What football teaches you
·2 min read

What football teaches you

The best thing I can do on a pitch is make the person next to me look better. That turns out to apply to most things.

Kevin Neal

What football teaches you

I've been playing Sunday league football for a few years now. We are not a good team. Last season we finished fifth out of eight, which sounds fine until you know there were only eight teams and one of them was genuinely terrible. We beat them twice.

I'm a decent enough player — I can pass, I'm reliable positionally, I don't lose the ball too often. I've scored four goals in three seasons, which tells you everything you need to know about my attacking contribution.

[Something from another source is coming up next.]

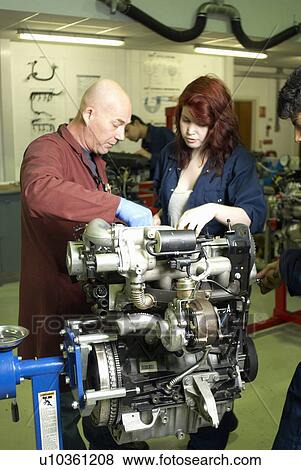 Stock Photo - Teacher helping student with car engine. Fotosearch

What I've come to understand, playing in a team like this, is that the players who make the biggest difference are almost never the most technically gifted. There's a guy we have, Marcus, who can do things with the ball that look genuinely impressive, but he drifts in and out of games and goes missing when it's difficult. We lose more games than we should when we're relying on him to be the difference.

The person who actually makes us functional is someone who's been playing left back for two years. He doesn't score, he rarely does anything especially visible, but he is always exactly where he should be, he communicates constantly, and I can't remember him losing his position in the whole time I've played with him. When he doesn't show up, the whole left side falls apart.

I think about this at work sometimes. The people who are most impressive in meetings are not always the most valuable to have around. The ones who are quietly dependable — who do what's needed, communicate well, don't make things harder for the people around them — those are the ones you notice when they're gone.

I don't know if football teaches you this or if it's just a particularly clear version of something that's true everywhere. Probably the latter. But it's easier to see on a pitch.